→ **Task details**
Please write out the entire listing below exactly, excluding its pictures.

_ _ _ _ _ _ _

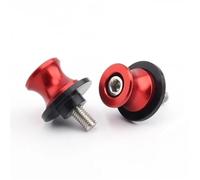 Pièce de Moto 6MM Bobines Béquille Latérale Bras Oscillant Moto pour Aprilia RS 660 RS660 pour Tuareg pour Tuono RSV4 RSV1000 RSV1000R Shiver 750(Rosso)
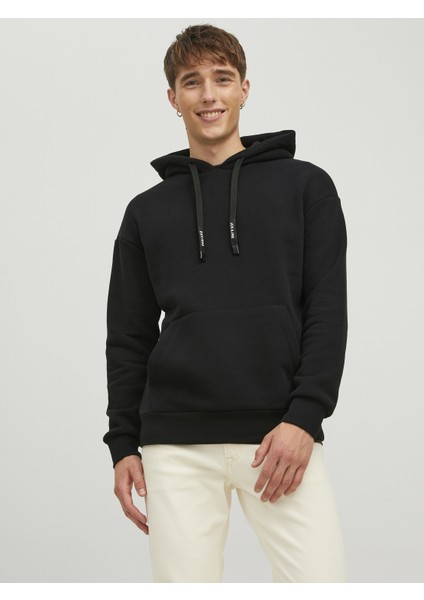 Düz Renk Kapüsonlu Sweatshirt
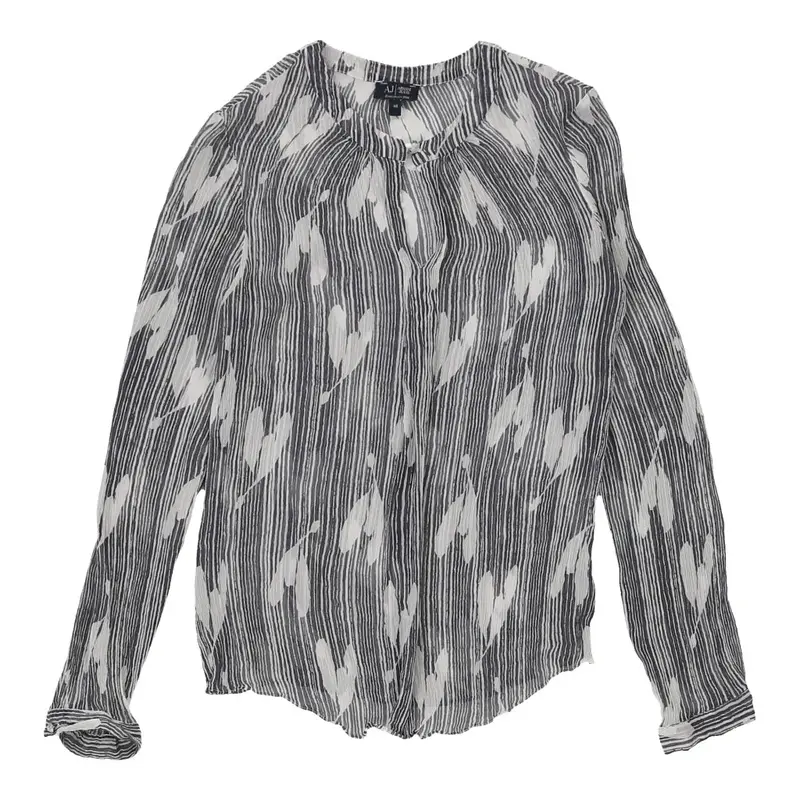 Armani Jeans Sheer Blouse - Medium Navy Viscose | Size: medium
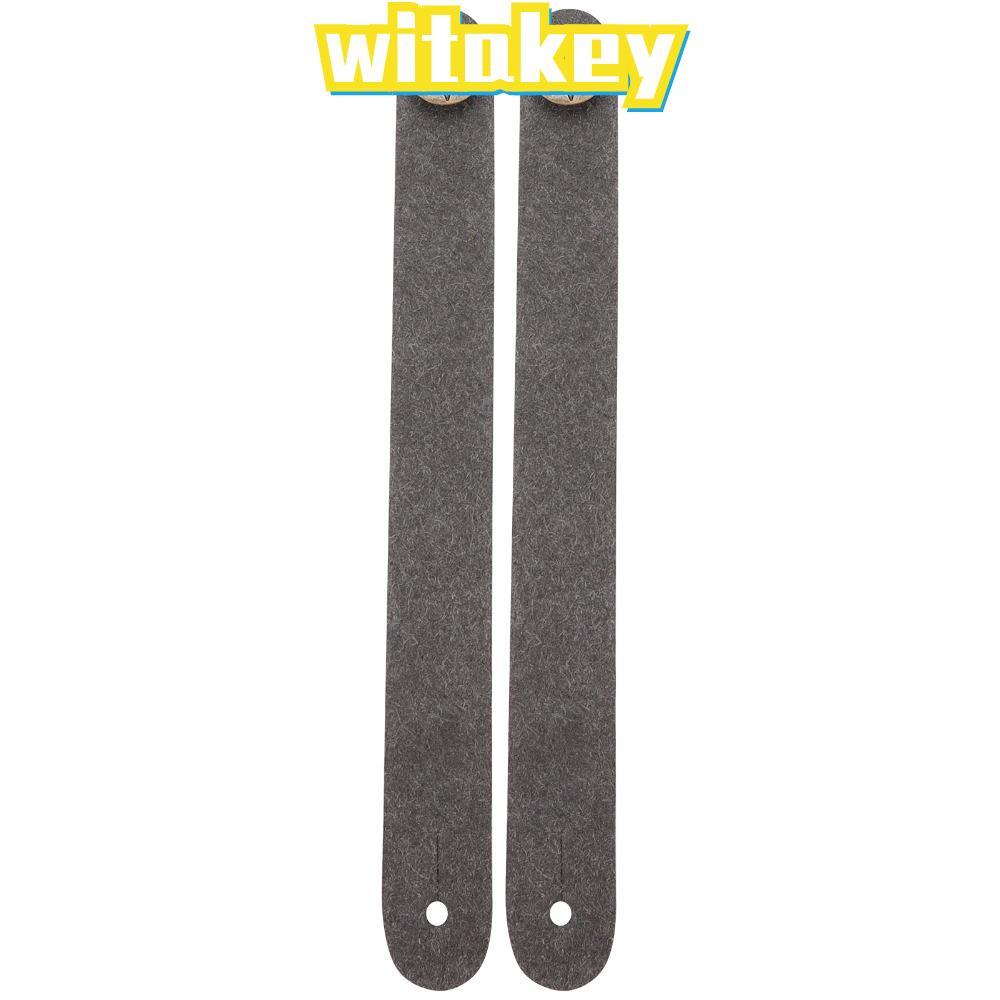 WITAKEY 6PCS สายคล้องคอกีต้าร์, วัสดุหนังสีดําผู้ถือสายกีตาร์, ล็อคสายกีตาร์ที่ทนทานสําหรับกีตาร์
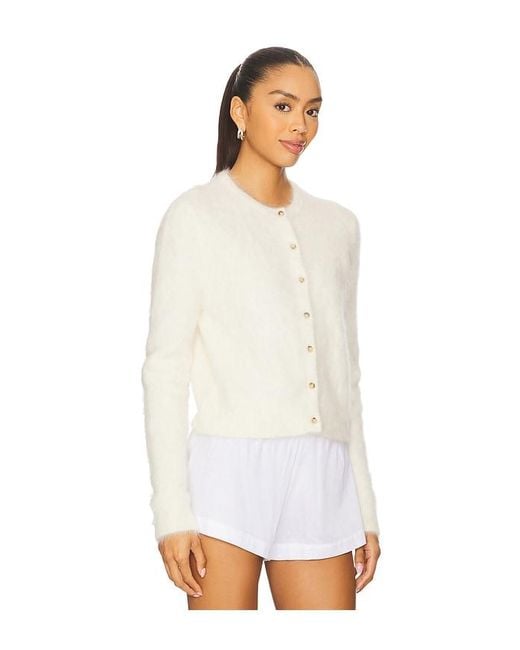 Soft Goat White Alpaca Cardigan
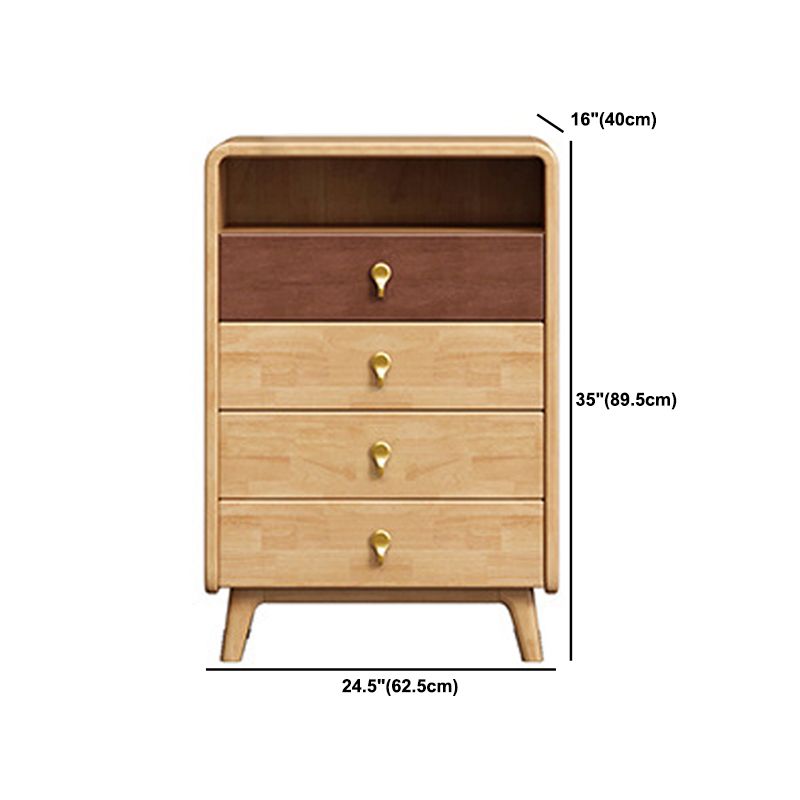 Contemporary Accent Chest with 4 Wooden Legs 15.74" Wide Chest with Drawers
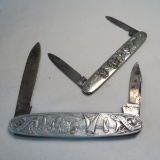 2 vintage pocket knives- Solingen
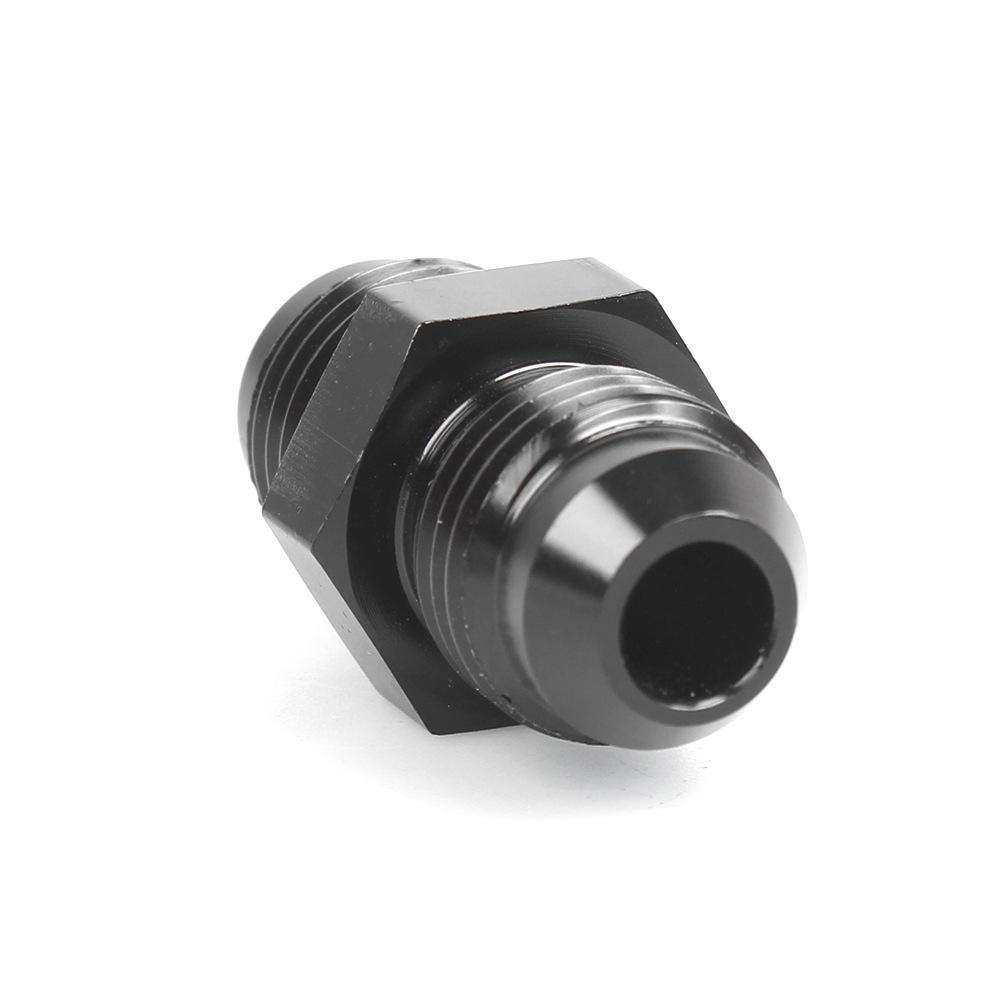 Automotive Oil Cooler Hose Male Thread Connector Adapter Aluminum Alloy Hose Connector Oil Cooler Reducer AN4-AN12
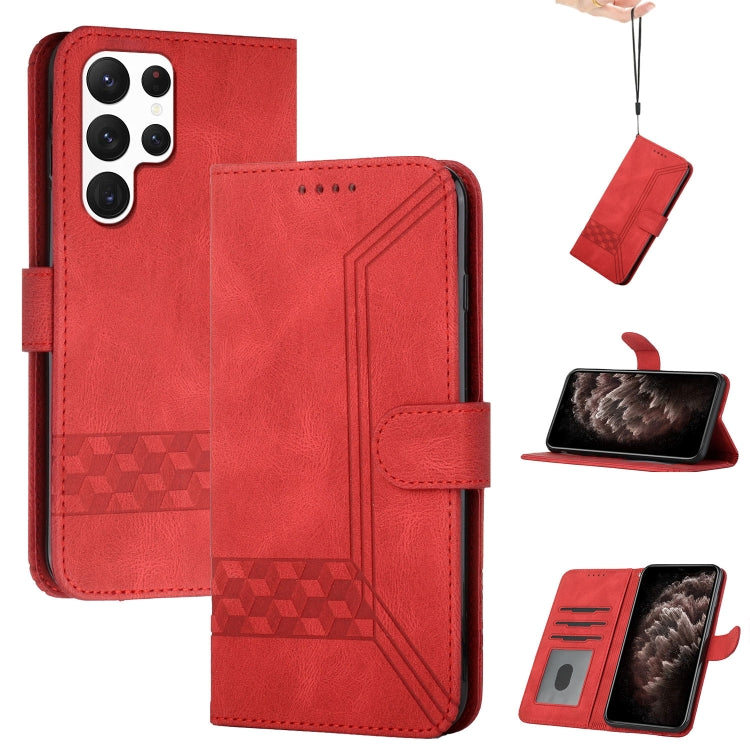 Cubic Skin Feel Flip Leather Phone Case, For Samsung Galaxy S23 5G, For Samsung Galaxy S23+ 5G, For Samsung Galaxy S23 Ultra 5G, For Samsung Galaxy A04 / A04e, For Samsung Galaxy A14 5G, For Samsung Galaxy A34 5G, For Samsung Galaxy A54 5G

_ _ _ _ _ _ _

→ **Solution to the exercise**
 Pièce de Moto 6MM Bobines Béquille Latérale Bras Oscillant Moto pour Aprilia RS 660 RS660 pour Tuareg pour Tuono RSV4 RSV1000 RSV1000R Shiver 750(Rosso)
 Düz Renk Kapüsonlu Sweatshirt
 Armani Jeans Sheer Blouse - Medium Navy Viscose | Size: medium
 WITAKEY 6PCS สายคล้องคอกีต้าร์, วัสดุหนังสีดําผู้ถือสายกีตาร์, ล็อคสายกีตาร์ที่ทนทานสําหรับกีตาร์
 Soft Goat White Alpaca Cardigan
 Contemporary Accent Chest with 4 Wooden Legs 15.74" Wide Chest with Drawers
 2 vintage pocket knives- Solingen
 Automotive Oil Cooler Hose Male Thread Connector Adapter Aluminum Alloy Hose Connector Oil Cooler Reducer AN4-AN12
 Cubic Skin Feel Flip Leather Phone Case, For Samsung Galaxy S23 5G, For Samsung Galaxy S23+ 5G, For Samsung Galaxy S23 Ultra 5G, For Samsung Galaxy A04 / A04e, For Samsung Galaxy A14 5G, For Samsung Galaxy A34 5G, For Samsung Galaxy A54 5G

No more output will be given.